Quinze mil garrafas, de um total de 32 mil unidades, de um vinho topo de gama do produtor, o Conde D´Ervideira DOC, Reserva Tinto de 2014, foram submersas a mais de 30 metros de profundidade. Uma adega natural que dispensa paredes, controlo artificial de temperatura e humidade, barricas ou inox. A três dezenas de metros abaixo da superfície de Alqueva há pouca luz, a temperatura mantêm-se constante, a 17ºC, e acresce um outro fator “a pressão, tão forte que sob o lacre a rolha é pressionada dentro do gargalo”, explica Duarte Leal da Costa, diretor executivo da Ervideira. Este responsável tem na mão uma, entre as milhares de garrafas que acabam de ser resgatadas do fundo da barragem.
As operações para reaver este Vinho da Água são morosas. “Obrigaram a implementar um bom sistema de colocação e retirada das garrafas da barragem”, explica o responsável da Ervideira.
A poucas dezenas de metros da margem uma equipa de resgate com mergulhadores afadigasse junto de uma embarcação. Mergulham com frequência em diferentes pontos. As caixas cinzentas que acondicionam, cada uma, algumas centenas de garrafas, não estão sinalizadas. Volvidos alguns minutos é dado o sinal. Foi encontrada uma caixa. Vai, em breve, juntar-se a outras duas já na margem. Entra em ação a equipa em terra. Uma operação que obriga a um veículo de tração e um trator.

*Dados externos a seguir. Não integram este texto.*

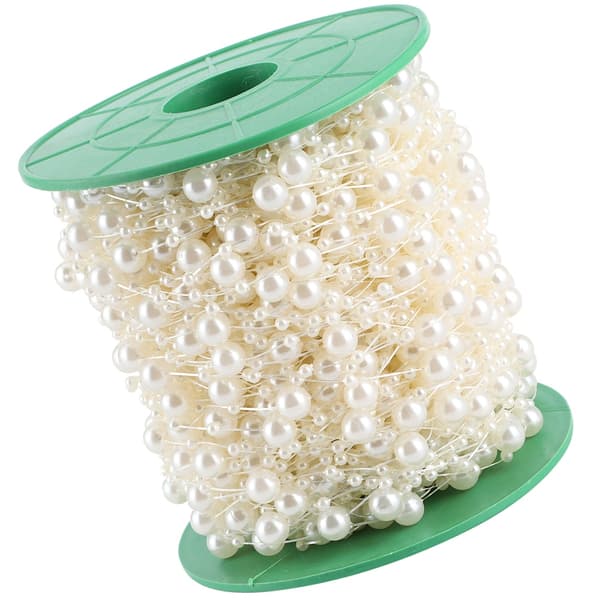 Kunstig perlesnor, kunstige perler, DIY-bukett, klesmateriale, beige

Em poucos minutos este Conde D´Ervideira está em terra. Há oito meses que não vê a luz do dia. Um néctar que antes de conhecer a água estagiou em barricas de carvalho francês. Contas feitas são 20 meses de estágio em adega e na água. Aberta a caixa salta à vista o lacre que envolve os gargalos. “Houve um grande nível de certificação destes vinhos, nomeadamente do Instituto do Vinho e a Comissão Vitivinícola Regional do Alentejo ”, sublinha Duarte Leal da Costa. O homem que olhou para as margens de Alqueva e viu o potencial para diversificar o portfólio da empresa que em 2015 faturou 1,8 milhões de euros e produziu 600 mil garrafas de vinho. “Começámos por mergulhar vinho da colheita de 2008. Quando o tirámos da água percebemos que tinha ganho qualidade”. Estava mais "redondo", “macio”, nas palavras do diretor executivo da Ervideira. Um vinho produzido com as castas Touriga Nacional, Aragonez, Alicante Bouschet e Cabernet Sauvignon, vinificadas casta a casta.

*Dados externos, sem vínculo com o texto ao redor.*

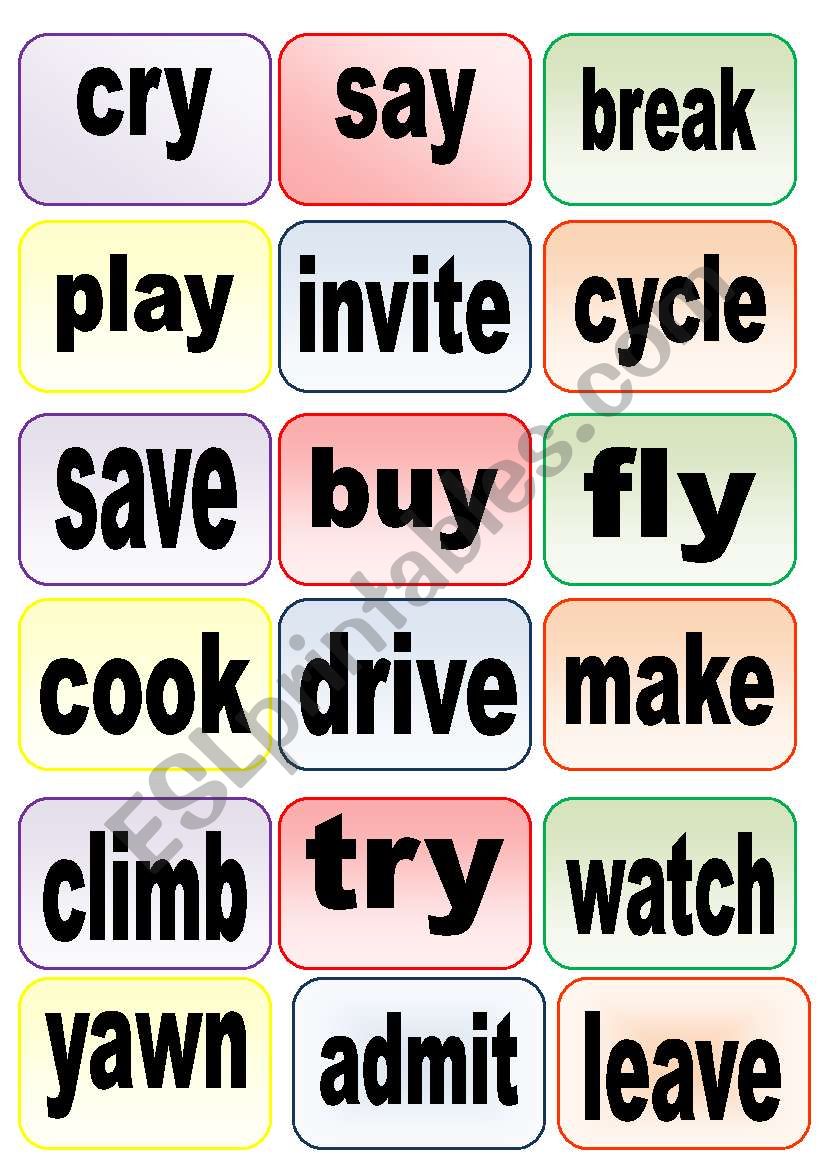 Simple Past Game Cards worksheet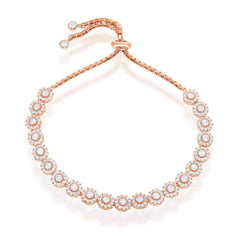 Sterling Silver Rose GP Adjustable Round CZ Bolo Bracelet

Este Conde D´Ervideira 2014 casa bem à mesa com carnes vermelhas, pato, pratos de bacalhau. Uma referência que vai estar à venda em garrafeiras e que chega às mãos do consumidor a 19,00 euros a garrafa. Mais três euros do que o vinho homónimo que não viu água. De acordo com Duarte Leal da Costa, “uma variação de preço que se justifica pela mais valia que o produto apresenta. Uma diferença que não reflete o investimento que acresce a produção destas 30 mil garrafas de Vinho da Água”.

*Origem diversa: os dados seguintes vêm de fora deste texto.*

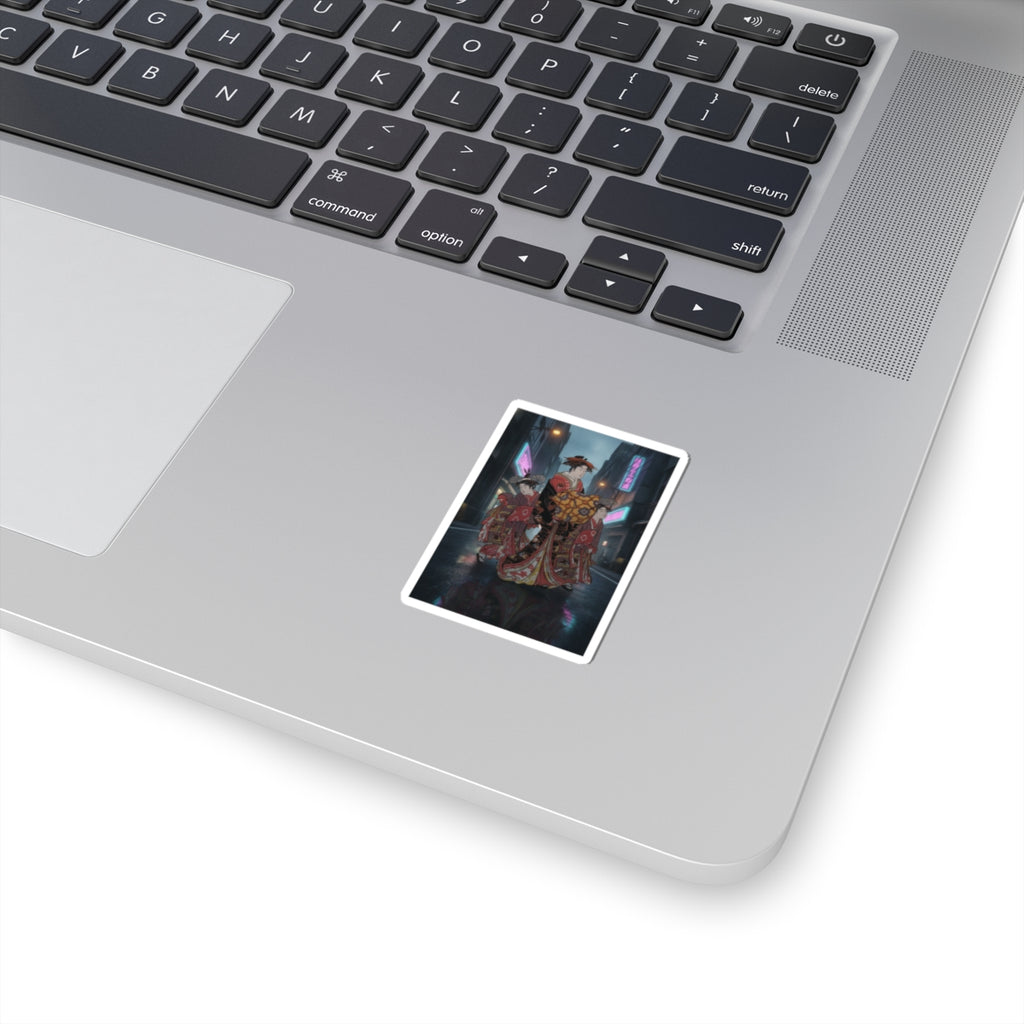 Fast Furious — An Oiran Accompanied By Two Kamuro — Kiss-Cut Sticker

Esta não é a primeira experiência no nosso país que estagiou em água. Já antes foi tentada, sem sucesso, em Foz Coa. No estrangeiro, a região de Champagne também colocou vinhos no Mediterrâneo. Também aqui sem resultados positivos. Duarte Leal da Costa acredita que o Vinho da Água irá resultar em Alqueva porque “já foi testado em situações anteriores com sucesso. Prova de que estamos frente a um produto consistente é estarmos a provar esta primeira colheita”.
Para além do mercado nacional, este Vinho da Água vai ser exportado para o Luxemburgo, Bélgica, Alemanha e Suíça. Na calha estão encomendas para a Finlândia, Hong Kong e Brasil.